In October, former city planner JeremyRothwell accused Mr. Williams and Mayor Anthony Moyer of misusing their posts for personal gain, presenting the allegations to City Council along with documents obtained through a Freedom of Information Act request.
A week later, City Council voted to suspend Mr. Williams with pay, while Mr. Moyer agreed to temporarily step away from his duties. In Mr. Williams’ absence, Police Chief Norman Barlow has filled the role.
The state’s Public Integrity Commission, which has jurisdiction over most state and local government officials and employees, was tasked with investigating. It is unclear if the inquiry is complete, as the commission cannot legally comment on it.
Ms. Minner did not respond to questions about Mr. Moyer’s status.
According to Mr. Rothwell, Mr. Williams committed time theft and bent rules to benefit Mr. Moyer.
“The city manager throughout his employment has shown disturbing trends in his work ethic that constitutes fraud,” Mr. Rothwell wrote in a letter he presented to council members in October. “The city manager would come into work late and/or leave work early almost every day.
“Since my office window and desk directly faced the rear employee entrance to City Hall, I can testify to having witnessed the city manager consistently coming into work hours late and/or leaving work hours early on a regular basis.
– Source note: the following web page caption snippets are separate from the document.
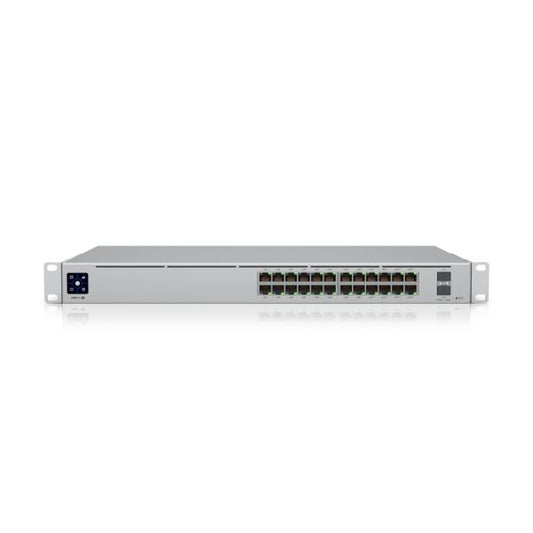 UniFi Switch PRO Gen 2 - 24 poort, 400W PoE budget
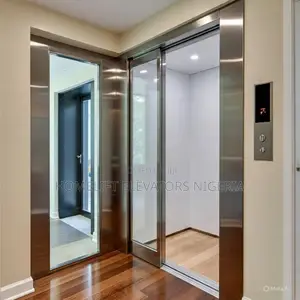 Home Elevator for Small Space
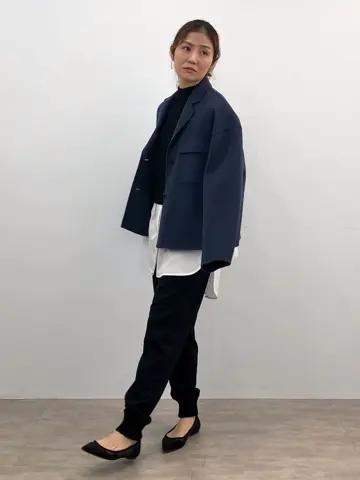 ONWARD CROSSET SELECT 豊國 コーディネート画像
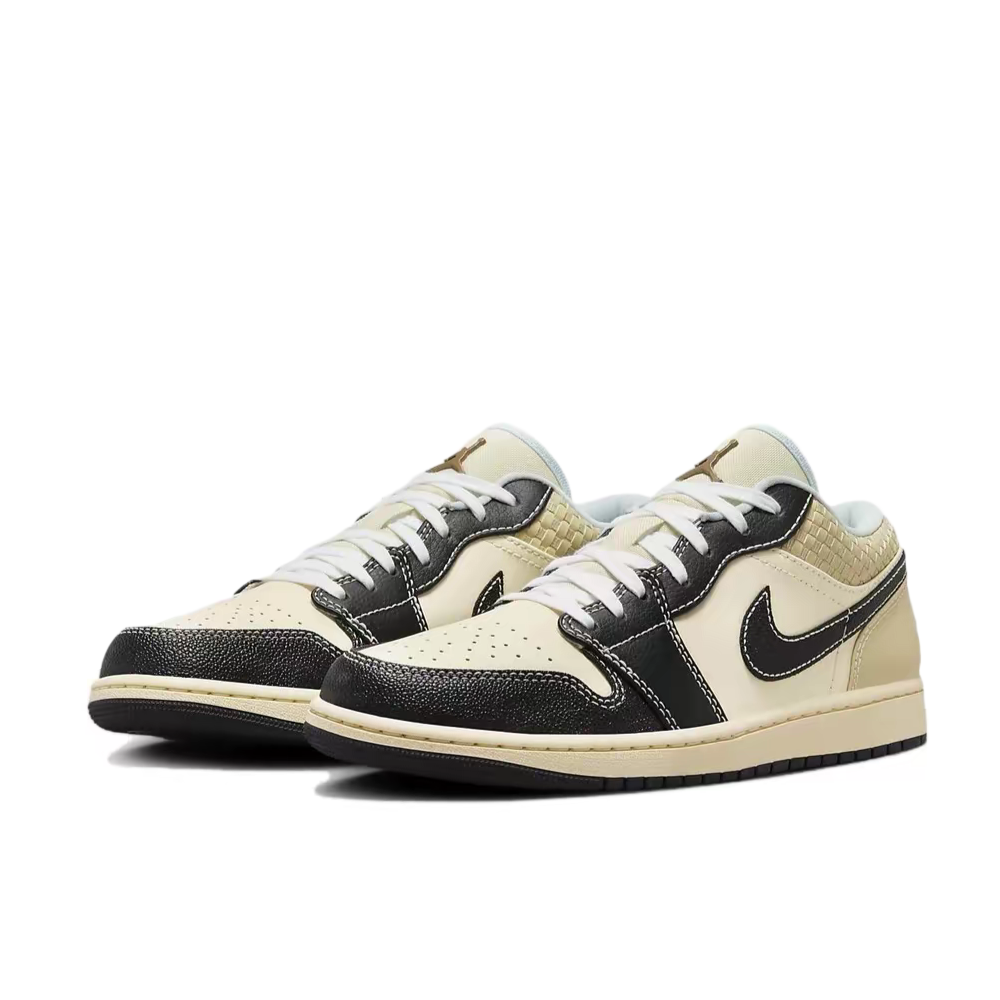 Jordan Air Jordan 1 Low SECO M - Men'S Shoes Nike Black avis et prix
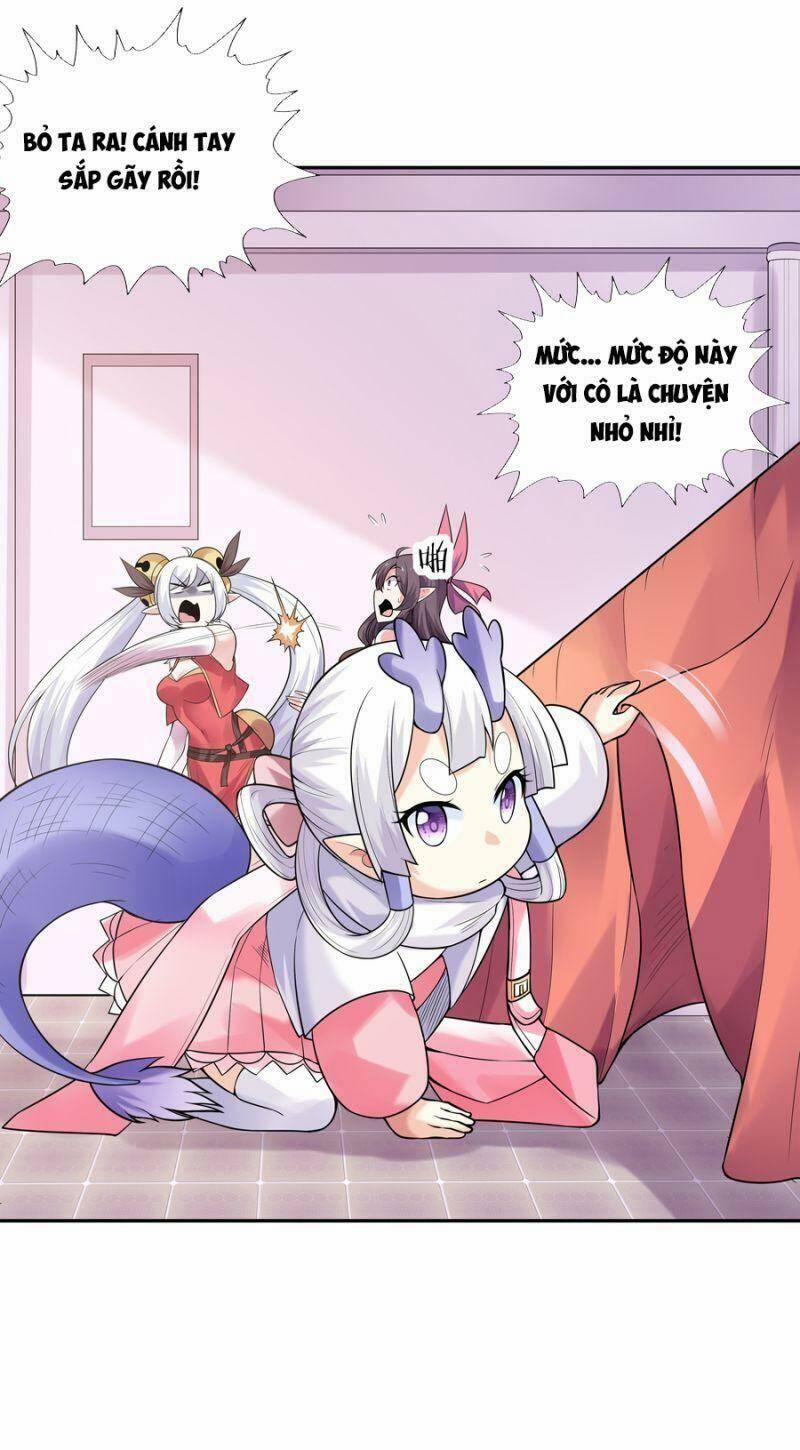 Hậu Cung Của Ta Toàn Là Ma Nữ Phản Diện 24 trang 9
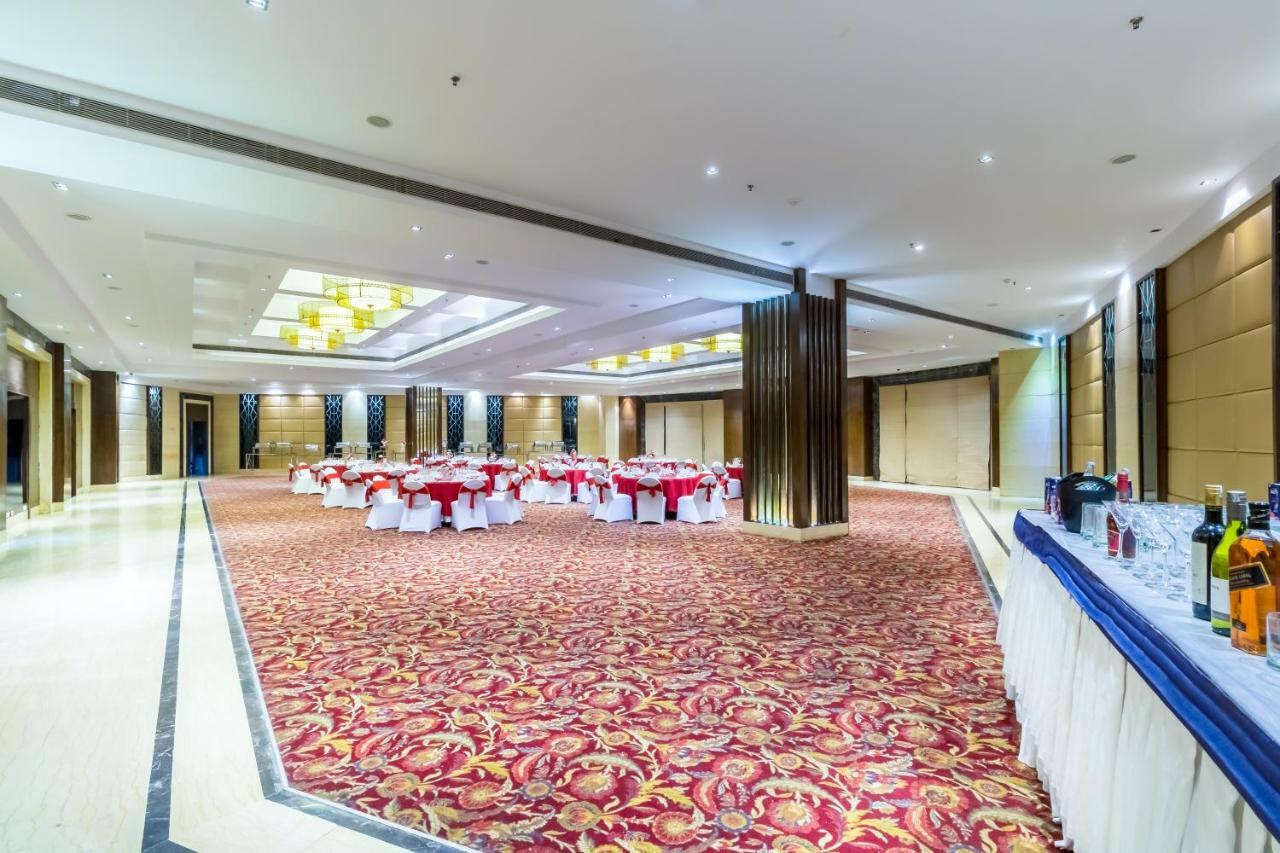 Golden Tulip Chandigarh, Panchkula Eksteriør bilde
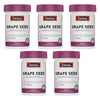 Swisse Beauty Grape Seed 180 Tablets Pack of 5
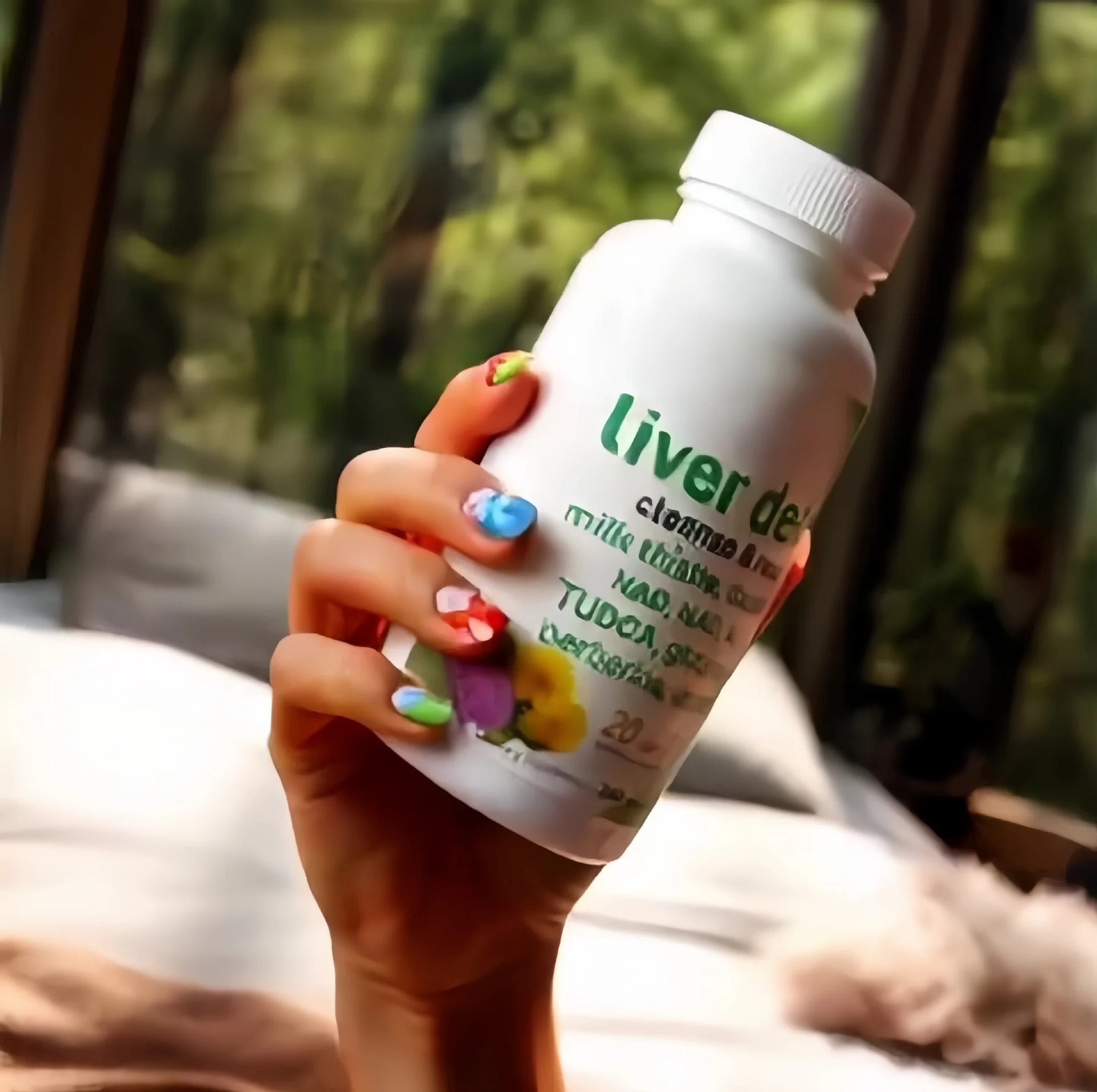 20-in-1 Liver Detox and Cleanse Capsules with Milk Thistle & TUDCA 9 liver detox cleanse capsules goo 35tr6kuw desc 4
From June 20th to September 13th he claimed to have worked 474 hours, but actually worked only 375 hours.
“This discrepancy of 99 hours at $31.97 per hour (based on his initial contract salary of $66,500 per year) amounts to $3,165.14 in fraudulently claimed wages in only a three-month period, and I can testify under oath to having witnessed the same behavior throughout his entire tenure as city manager. Under Delaware law, theft of anything greater than $1,500 is classified as a felony.”
Documents and surveillance video footage received through a public records request make that clear, Mr. Rothwell wrote. Those documents, which were shared with the Delaware State News, appear to corroborate his allegations, although the video footage has not yet been verified.
At a City Council meeting, Mr. Rothwell said the city manager’s calendar and timesheets indicate he took 58 personal appointments and seven days off between his hiring in February 2017 and June 2019 but did not use any personal or sick time.
The ex-city planner also cited a fall conference in Nashville, Tennessee, attended by Mr. Williams. While the conference lasted from Oct. 20 to Oct. 23, Mr. Williams stayed for seven days, bringing his family with him. He charged their travel costs to the city, ultimately reimbursing it after Mr. Rothwell first presented the allegations to City Council, according to the documents shared by Mr. Rothwell.
“This all constitutes fraud, and he should be criminally prosecuted for the before-mentioned crimes,” he wrote in a letter distributed to City Council.
Mr. Rothwell was fired from the city in June, which he says was improper and motivated partially by a personal vendetta by the manager and mayor. He has since filed a lawsuit against Harrington.
Mr. Williams was hired as city manager in February 2017 after nine years with Milford in code enforcement and building inspection. He received a five-year agreement worth $66,500 in the first year, with pay raises of at least 3 percent in subsequent years, according to a copy of that contract provided by Mr. Rothwell.
Though Mr. Rothwell accused Mr. Williams of acting subservient to the mayor, his contract states he answers to the city council.
At a November City Council meeting, each man’s wife spoke in their defense, describing Mr. Williams as a relentless worker who cares about Harrington.
“He takes phone calls all hours, including weekends and holidays, to keep the city running smoothly,” Eve Moyer said of Mr. Williams.